Understanding Randomness 1

Random walk
cumulative sum of random numbers

Understanding Randomness 2

Walk of random walk
cumulative sum of a random walk

Pearson correlation coefficient \(r\)

  • Measures linear correlation between two sets of data
  • Equal to the slope of a linear regression model (for standardized data \(\sigma_x=\sigma_y=1\))1

\[ \hat{y} = \phi_0 + \phi_1 x = \phi_0 + \frac{cov(x,y)}{\sigma_x^2} x = \phi_0 + r \frac{\sigma_x}{\sigma_y} x \]

Autocorrelation 1

Pearson coefficients between time series and time shifted version of itself

Autocorrelation 2

  • ACF (auto correlation function) of non-stationary data decreases slowly2
  • random walk is non-stationary

Stationarity

Statistical properties don’t change over time

3

  • A stationary time series has no seasonality or trend.
  • Many tools, statistical tests and models (ARIMA!) rely on stationarity.

Differencing

  • Differencing of degree \(d\) can help to stabilise the mean eliminating/reducing trend and seasonality.
  • Transformations such as logarithms can help to stabilise the variance
  • ACF is zero for first derivative of random walk

Partial autocorrelation 1

  • Direct linear correlation \(r_k\) between \(y\) and \(x_k\) \[ \hat{y} = \phi_0 + 0 \cdot x_1 + ... + r_k x_k \]
  • Partial correlation \(p_k\) between \(y\) and \(x_k\) \[ \hat{y} = \phi_0 + \phi_1 x_1 + ... + p_k x_k \] Dependency on \(x_1, x_2, ...\) is absorbed into \(\phi_1, \phi_2, ...\)
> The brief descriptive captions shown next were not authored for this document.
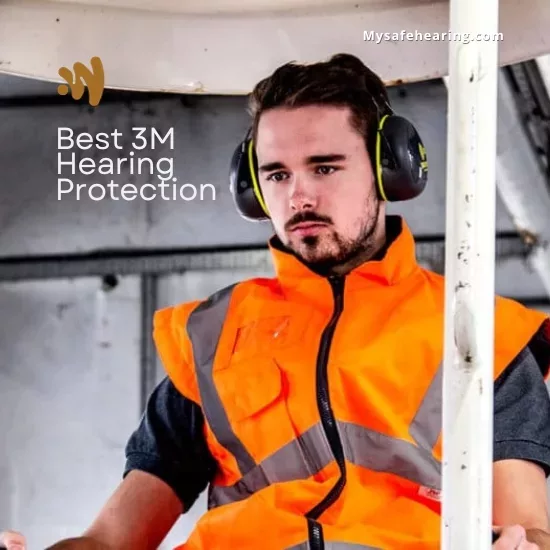 Best 3M Hearing Protection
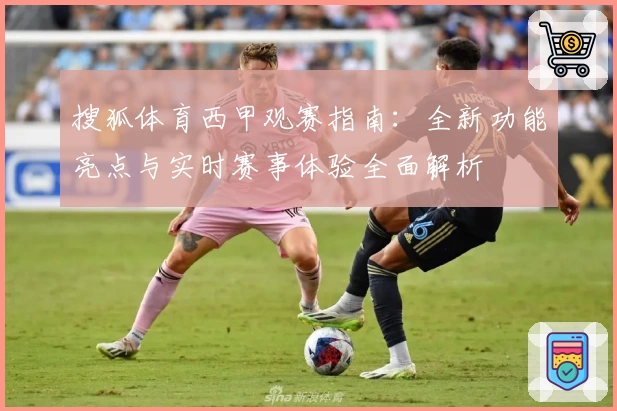 搜狐体育西甲观赛指南：全新功能亮点与实时赛事体验全面解析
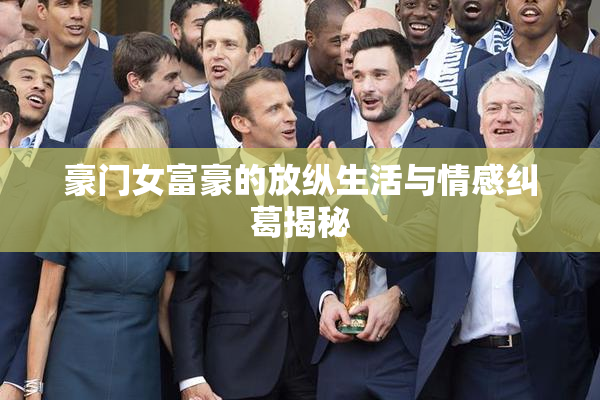 豪门女富豪的放纵生活与情感纠葛揭秘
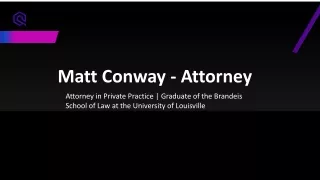 Matt Conway - Attorney - An Inspirational Expertise From Kentucky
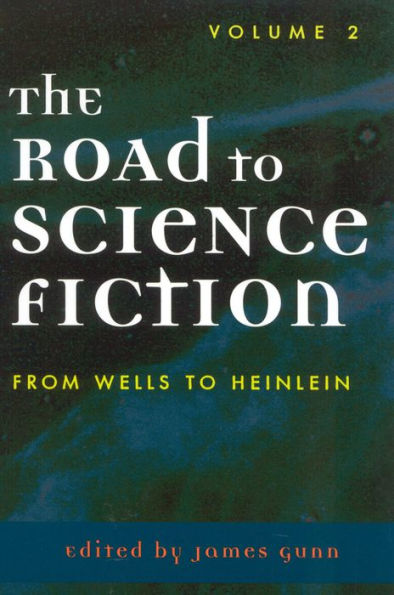 The Road to Science Fiction: From Wells to Heinlein / Edition 1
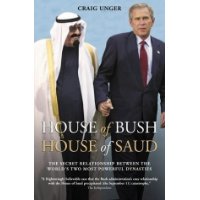  House of Bush, House of Saud: The Hidden Relationship Between the World's Two Most Powerful Dynasties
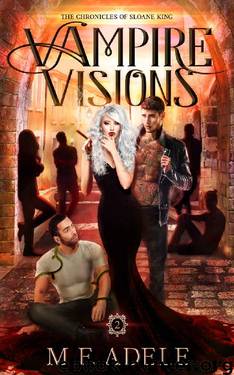Vampire Visions: The Chronicles of Sloane King by M.F. Adele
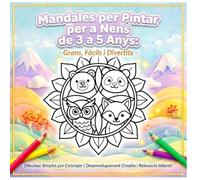 Mandales Per Pintar Per a Nenes 3-5 anys: Dibuixos simples per colorejar. Desenvolupament Creatiu i Relaxació Infantil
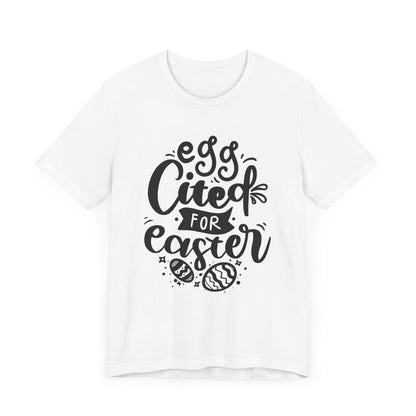 T-Shirt Egg-cited for Easter Shirt – Funny Easter T-Shirt for Women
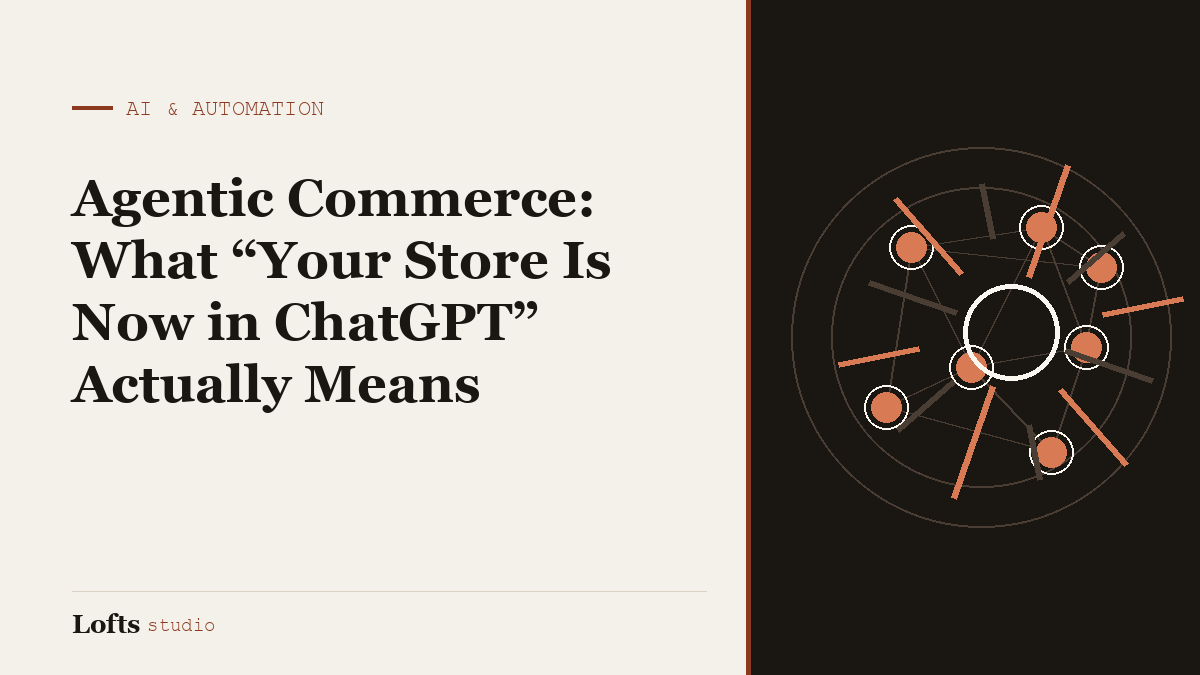 Agentic Commerce: What “Your Store Is Now in ChatGPT” Actually Means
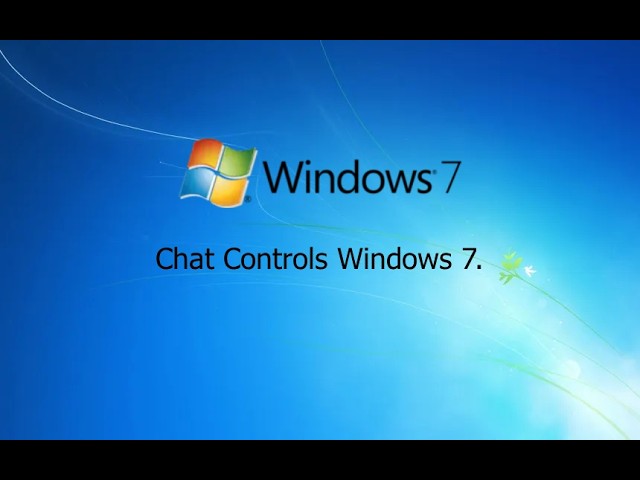 Chat Controls Windows 7
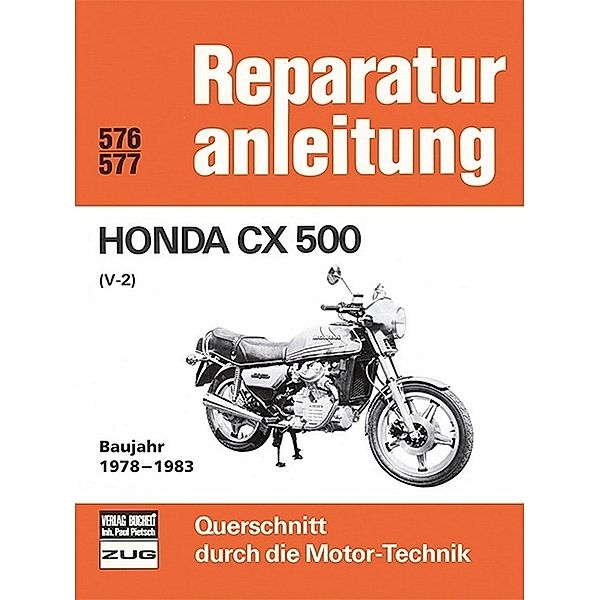 Reparaturanleitung / 576/77 / Honda CX 500   (V-2)  Baujahr 1978-1983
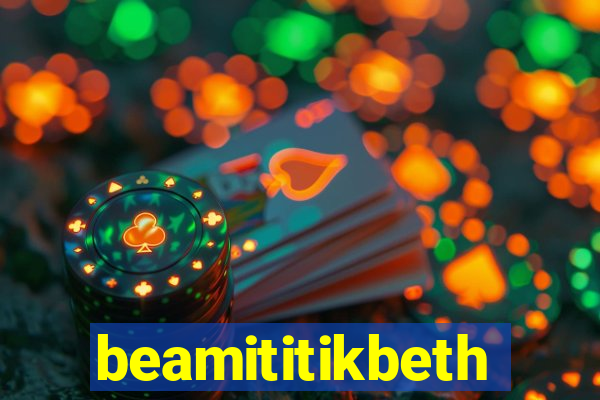 beamititikbeth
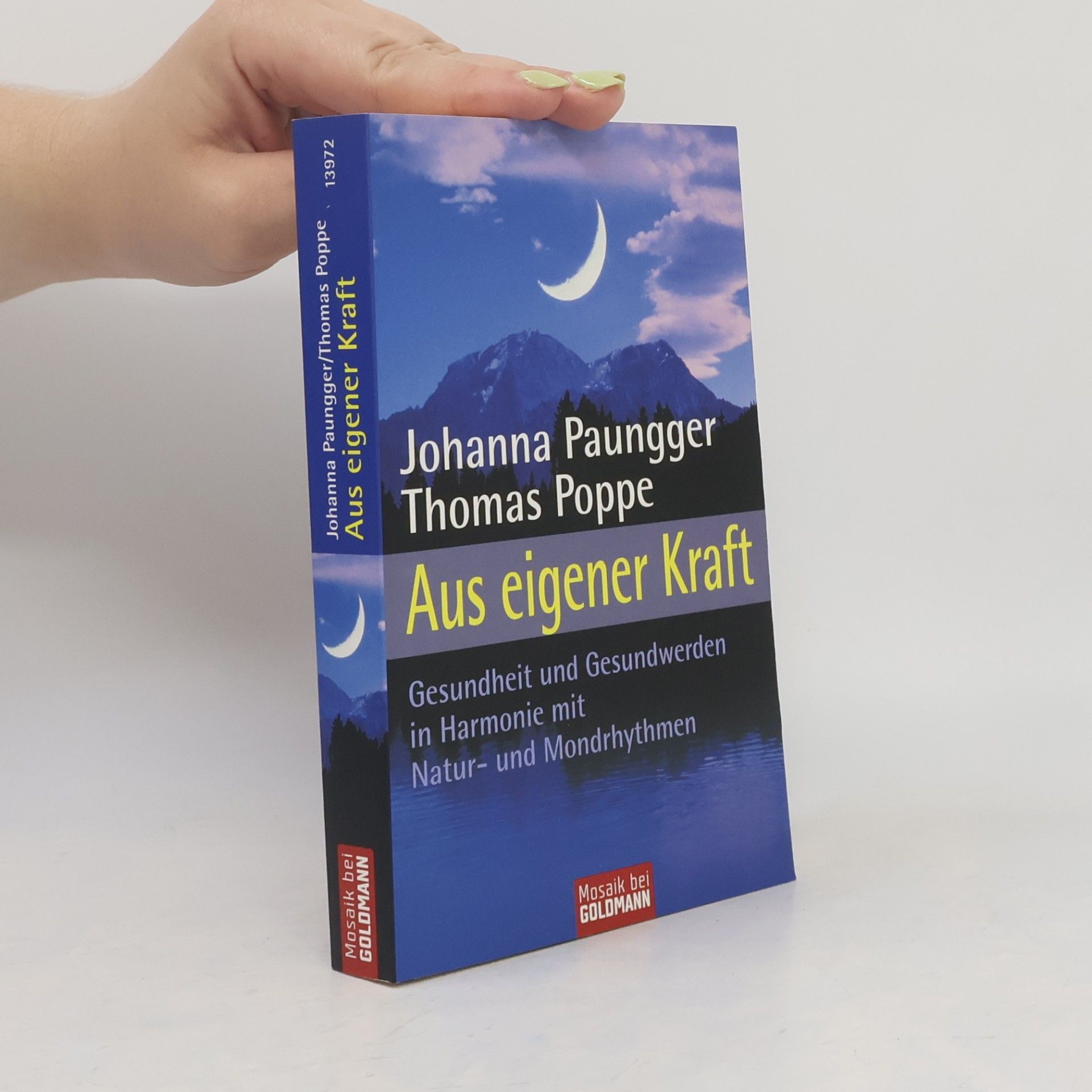 Johanna Paungger Aus eigener Kraft : Gesundsein und Gesundwerden in Harmonie mit Natur- und Mondrhythmen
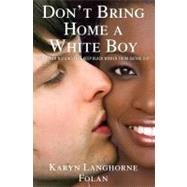 Don't Bring Home a White Boy : And Other Notions That Keep B..., 9781439154755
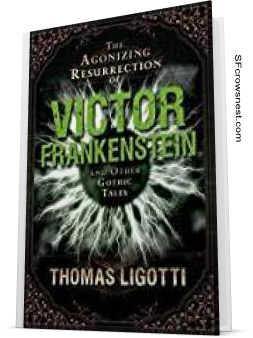 The Agonizing Resurrection of Victor Frankenstein and Other Gothic Tales by Thomas Ligotti
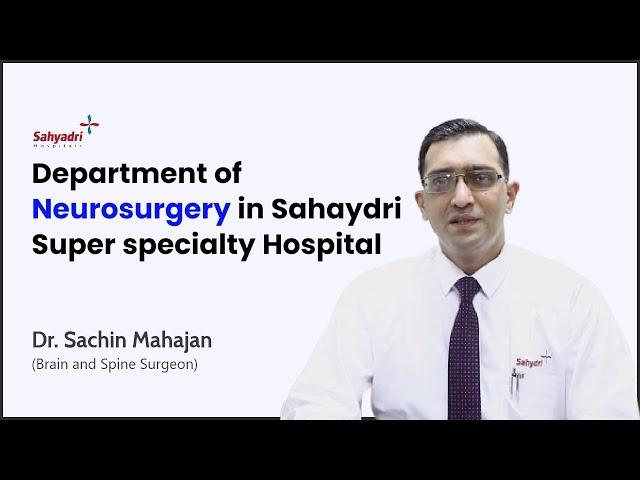 Department of Neurosurgery | Dr Sachin Mahajan | Brain and Spine Surgeon | Sahyadri Hospitals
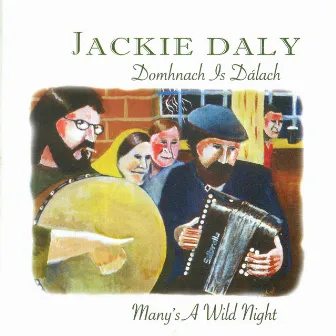 Domhnach Is Dálach (Many's a Wild Night) by Jackie Daly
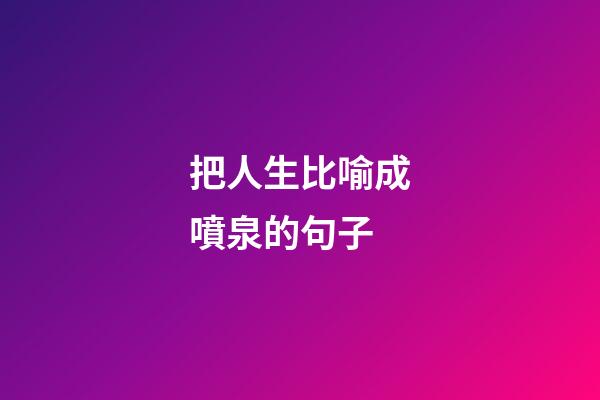 把人生比喻成噴泉的句子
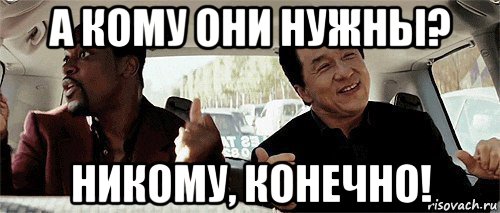 а кому они нужны? никому, конечно!, Мем Никому конечно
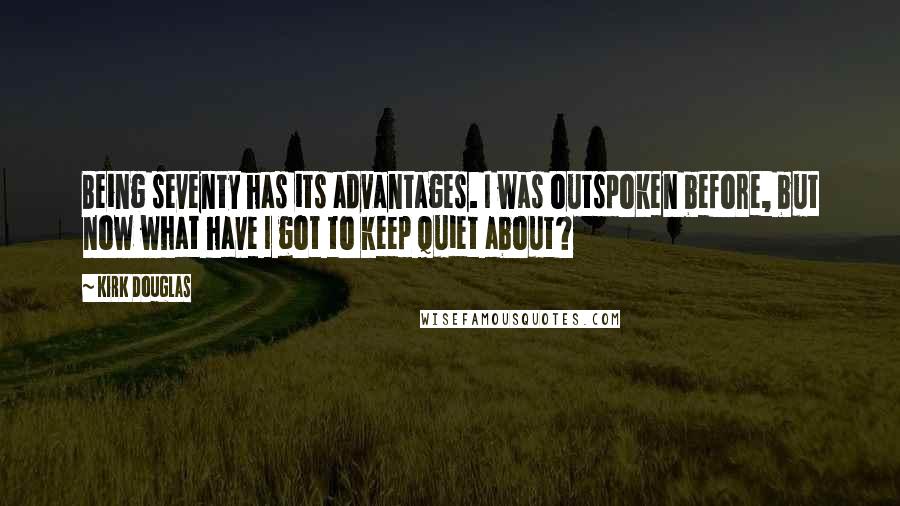 Kirk Douglas Quotes: Being seventy has its advantages. I was outspoken before, but now what have I got to keep quiet about?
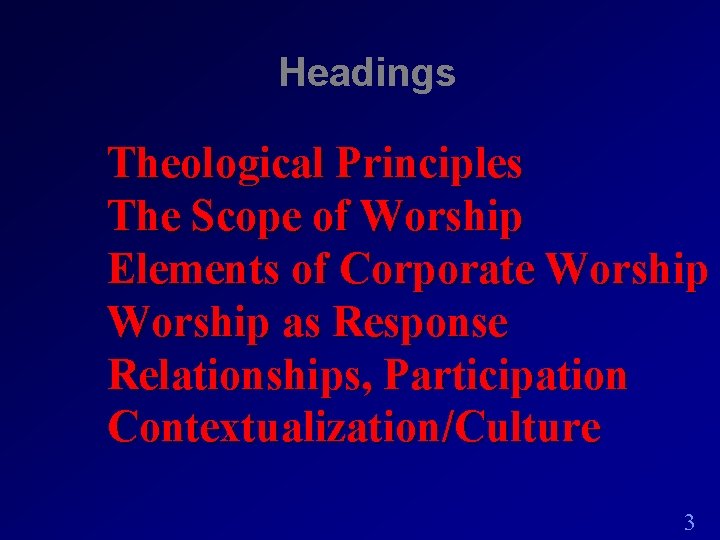 Headings Theological Principles The Scope of Worship Elements of Corporate Worship as Response Relationships,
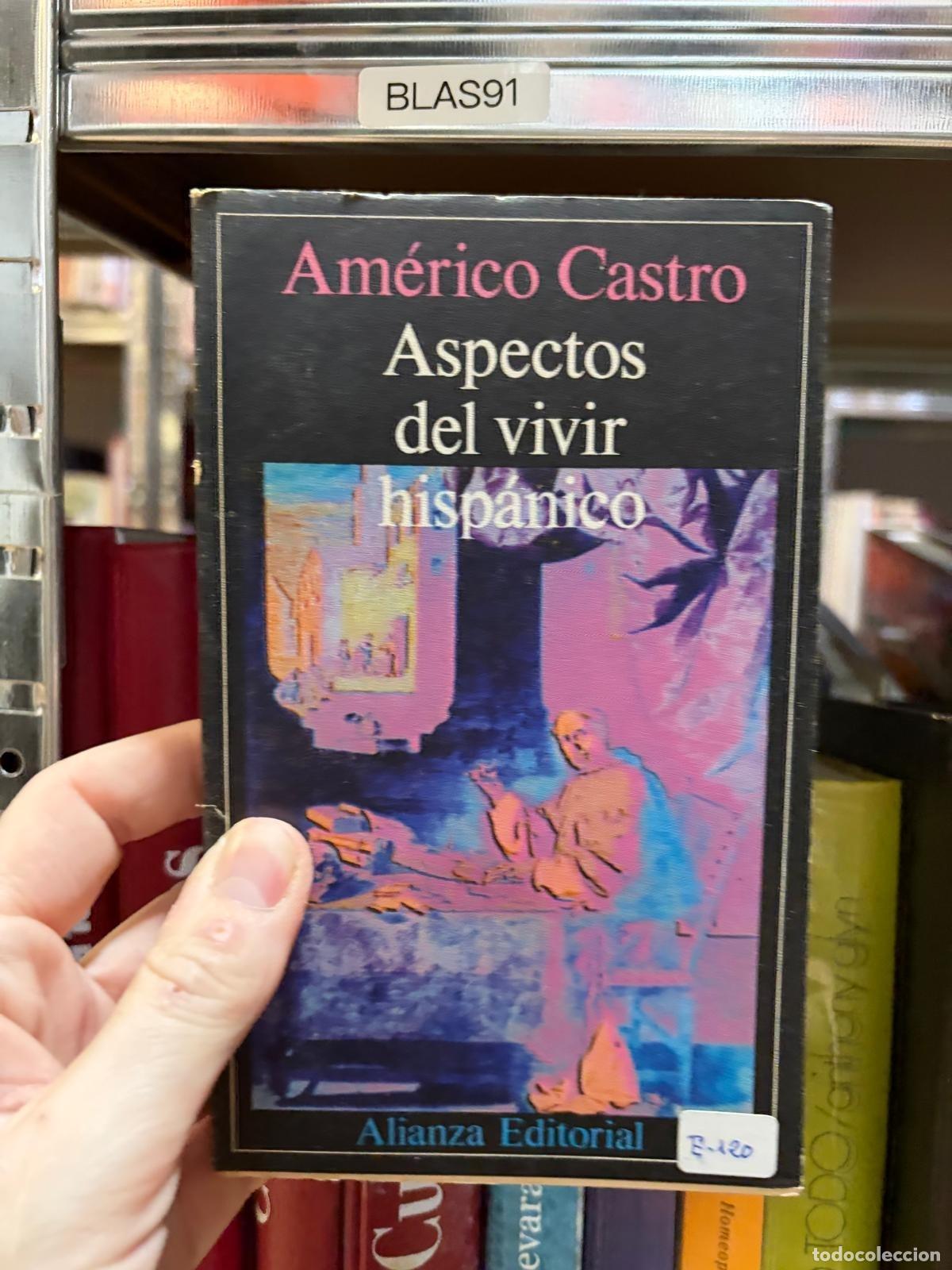 Libros de segunda mano: Aspectos del vivir hisp&aacute;nico
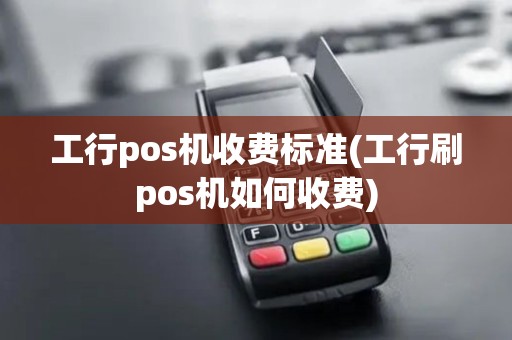 工行pos机收费标准(工行刷pos机如何收费)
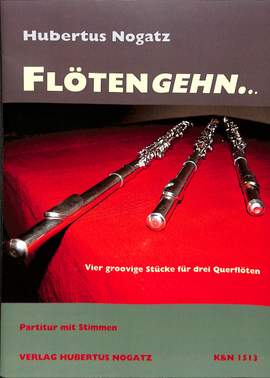Nogatz, H: Flötengehn - 4 groovige Stücke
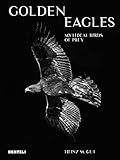  Golden Eagles: Legendary Birds of Prey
Partial correlation is linear correlation between \(y\) and \(x_k\) with indirect correlation to \(x_1, x_2, ...\) removed.4

Partial autocorrelation 2

  • PACF (Partial autocorellation function) is zero for random walk except for lag 1

Autoregression model

  • forecast \(y_t\) using a linear combination of past values \[ \hat{y}_t = \phi_0 + \phi_1 y_{t-1} + \phi_2 y_{t-2} + ... + \phi_p y_{t-p} \]
  • Autoregression means linear regression with lagged version of itself (similar to autocorrelation)
  • AR(p) means \(\phi_0, ..., \phi_p \neq 0\)
  • Autoregressive process can be used to generate data from random white noise \(\epsilon_t\) and fixed parameters \(\phi_k\) \[ y_t = \epsilon_t + \phi_0 + \phi_1 y_{t-1} + \phi_2 y_{t-2} + ... + \phi_p y_{t-p} \]
  • For \(\phi_0 = 0\) and \(\phi_1=1\) an AR(1) process is a random walk

Moving average model

  • The name “moving average” is technically incorrect 5
  • Better would be lagged error regression
  • forecast \(y_t\) using a linear combination of past forecast errors \[ \hat{y}_t = \theta_0 + \theta_1 \epsilon_{t-1} + \theta_2 \epsilon_{t-2} + ... + \theta_q \epsilon_{t-q} \]
  • MA(q) cannot be fitted like an ordinary least square (OLS), because the forecast errors are not known
  • Example algorithm: Set initial values for \(\theta_k\) and \(\epsilon_k\), then
    • For i=1..N do
      1. Compute error terms for all \(t\): \(\epsilon_t\) = \(y_t - \hat{y}_t\)
      2. Run a regression of \(y_t\) against \(\hat{y}_t\) and update \(\theta_k\)
      3. Repeat
  • Like(?) Iteratively_reweighted_least_squares or similar iterative process to estimate \(\theta_k\)

ARIMA

  • Autoregressive integrated moving average model combines AR(p), differencing/integrating I(d) and MA(q) \[ \hat{y}_t = c + \phi_1 y^{(d)}_{t-1} + ... + \phi_p y^{(d)}_{t-p} + \theta_1 \epsilon_{t-1} ... + \theta_q \epsilon_{t-q} \]
Model equivalent to
ARIMA(0,1,0) Random Walk (with drift)
ARIMA(0,1,1) simple exponential smoothing ETS(A,N,N)
ARIMA(1,0,0) discrete Ornstein-Uhlenbeck process 6
  • To find the best fitting ARIMA model one can use the Box-Jenkins-Method

Box-Jenkins Method

  1. Make the time series stationary (e.g. standardization, differencing \(d\)-times, …)
  2. Use ACF plot and PACF plot to identify the parameter \(p\) and \(q\)
  3. Fitting the parameters of the ARIMA(p,d,q) model. This can be done with Hannan–Rissanen (1982) algorithm
    1. AR(m) model (with \(m > max(p, q)\)) is fitted to the data
    2. Compute error terms for all \(t\): \(\epsilon_t\) = \(y_t - \hat{y}_t\)
    3. Regress \(y_t\) on \(y^{(d)}_{t-1},..,y^{(d)}_{t-p},\epsilon_{t-1},...,\epsilon_{t-q}\)
    4. To improve accurancy optinally regress again with updated \(\phi,\theta\) from step 3
    Other algorithms (maximizing likelihood) are often used in practice 7 8
  4. Statistical model checking (analysis of mean, variance, (partial) autocorrelation, Ljung–Box test of residuals)
  5. Once the residuals look like white noise, do the forecast

Nowadays all these steps are automated by tools like AutoARIMA etc.

Why???

  • Why combine AR and MA ?

  • AR is analogeous to linear regression, but what is MA analogeous to outside of time series analysis?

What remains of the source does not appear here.